- **AVAILABLE DATA**:
============

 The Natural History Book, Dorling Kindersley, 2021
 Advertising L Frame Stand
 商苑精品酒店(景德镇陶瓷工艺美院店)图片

============

- **TASK REQUIREMENTS**: All that is needed is the material, repeated exactly.

- **REPLY TO THE TASK**:
 The Natural History Book, Dorling Kindersley, 2021
 Advertising L Frame Stand
 商苑精品酒店(景德镇陶瓷工艺美院店)图片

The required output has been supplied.